This year marks a significant change for Canada’s Divorce Act, which will get its first major overhaul since 1986. The Divorce Act, while federal, applies across Canada, and in addition to being the law under which divorces are granted also can determine child and spousal support.
The amendments make numerous changes, some procedural, but many substantive. In a series of three blogs, I discuss the following amendments:
Part 2 (this blog): Establishment of a non-exhaustive list of criteria to consider when determining the best interest of the child, a key focus of the amendments; and
Part 3: Amendments that have been introduced to address family violence, to encourage the use of dispute resolution processes outside of court, and to simplify enforcement of family support obligations.
Part 2: The best interests of the child
In the last blog we summarized the changes in terminology in Canada’s Divorce Act that will be coming into effect on July 1, 2020, the first major changes to the Divorce Act in more than 30 years.
In this blog, we will discuss the non-exhaustive list of criteria that the amendments state a court should consider when determining the best interests of the child.
The principle of the “best interests of the child” is to ensure that the child’s interests are front and centre when a court makes any determination regarding parenting. In the last blog we noted that the main orders involving children were “custody” and “access” orders but with the amendments coming into force, that terminology will refer to “parenting orders,” “parenting time,” and “decision-making responsibility.”

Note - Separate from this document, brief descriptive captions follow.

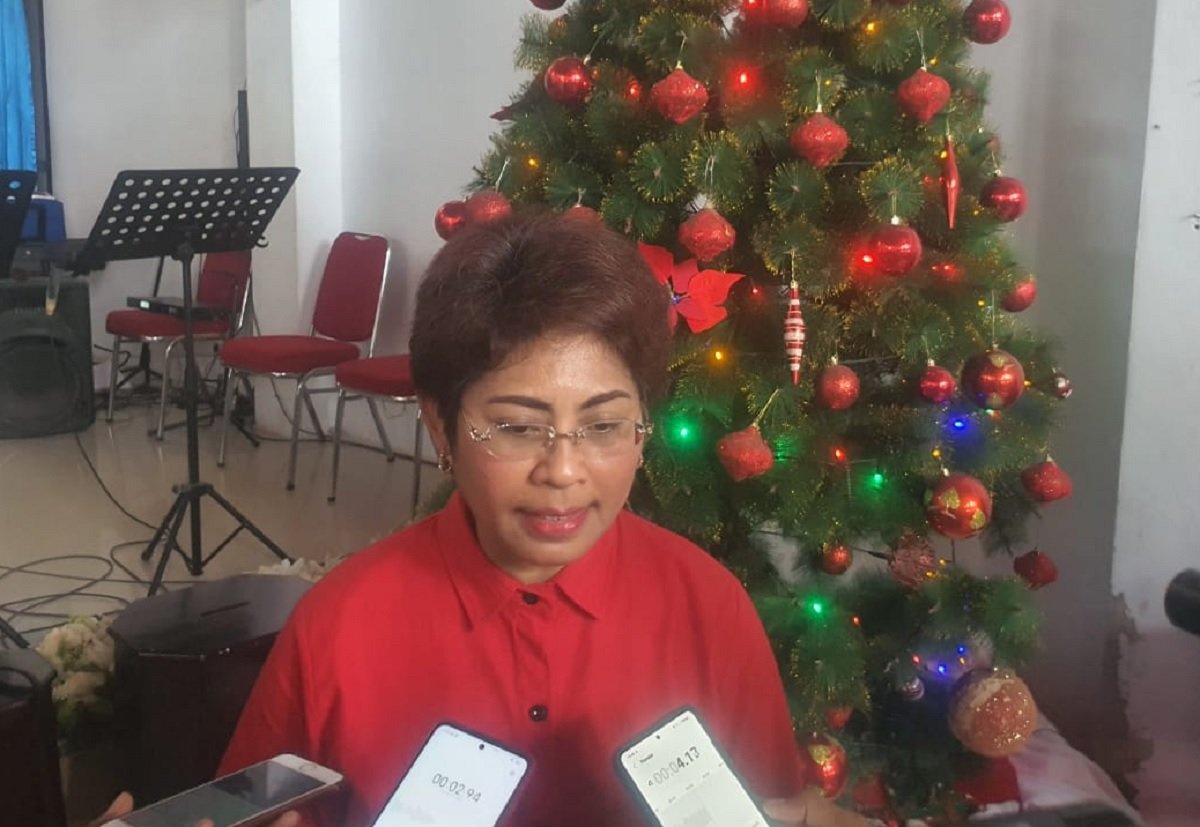 Anggota Komisi VII DPR RI Mercy Barends memberi keterangan kepada wartawan di Gedung Geraja Sinar, Kawasan Kudamati, Kota Ambon, Rabu (22/12/2021)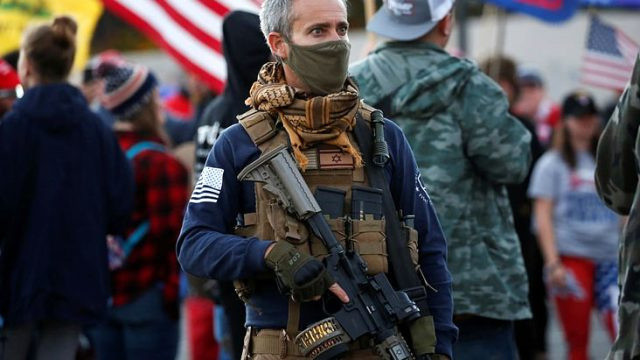 Trump destekçileri uzun namlulu silahlarla sokağa indi - Resim: 0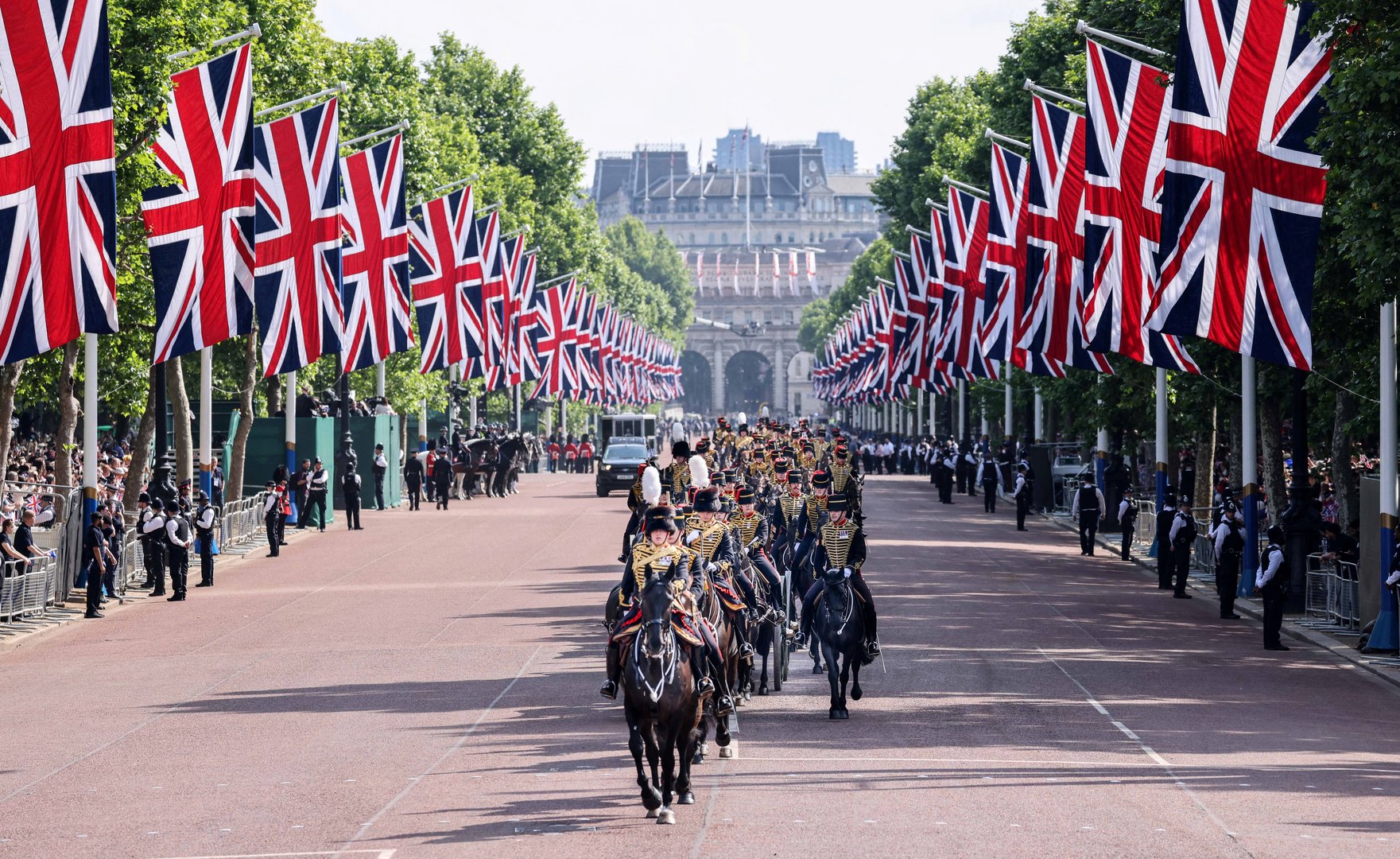 image Thousands gather to salute Queen Elizabeth as Platinum Jubilee celebrations begin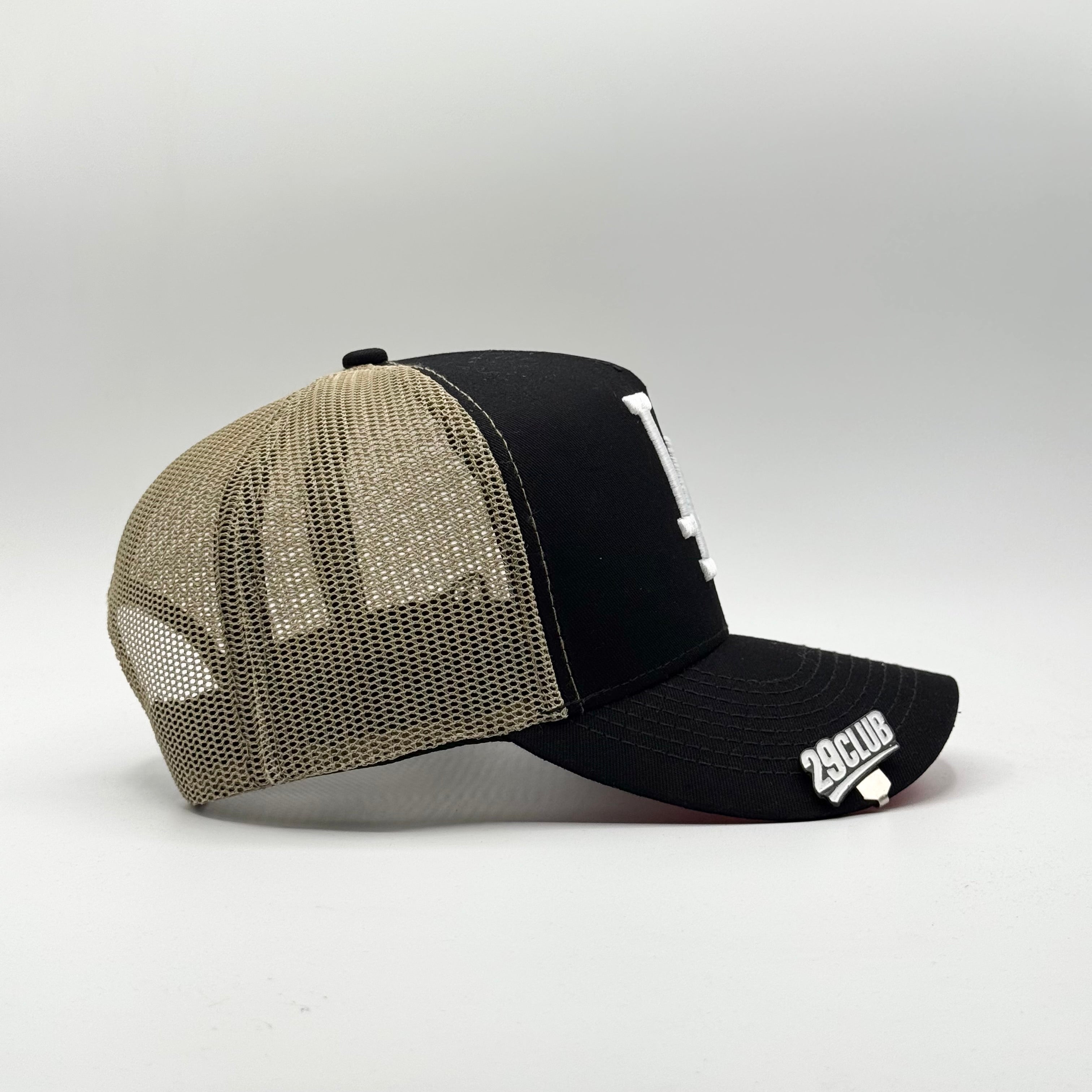 LOS ÁNGELES DODGER TRUCKER BEIGE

While the current Divorce Act obliges the court, when making a parenting or a contact order, to consider the best interests of the child by referring to the “condition, means, needs and other circumstances of the child,” it does not list factors which the court must consider in deciding what is or isn’t in the best interests of the child. As a result, the factors that are now considered by the courts are often based on earlier court decisions. Under the new Divorce Act, courts will have a non-exhaustive list of factors to consider in determining a child’s best interests when making a parenting or a contact order. This list includes:
(a) the child’s needs considering the child’s age and stage of development;
(b) the child’s relationship with each parent;
(c) each parent’s ability to support the child’s relationship with the other parent;
(d) the history of care of the child;
(e) the child’s views and preferences by considering the child’s age and maturity;
(f) the child’s cultural, linguistic, religious and spiritual upbringing and heritage, including Indigenous upbringing and heritage;
(g) any plans for the child’s care;
(h) the ability and willingness of each person to care for and meet the needs of the child;
(i) the ability and willingness of each person to communicate and cooperate, in particular with one another, on matters affecting the child;
(j) any family violence; and
(k) any civil or criminal proceeding, order, condition, or measure that is relevant to the safety, security and well-being of the child.
The new Divorce Act also states that when considering the above factors, the courts must give primary consideration to the child’s physical, emotional and psychological safety, security and well-being.
Most of these factors are already found in British Columbia’s provincial legislation, the Family Law Act. It also reflects the cases decided under the old Divorce Act. Thus, rather than changing the law, the new Divorce Act in effect codifies the law, providing some consistency and clarity to parents, courts and family law professionals.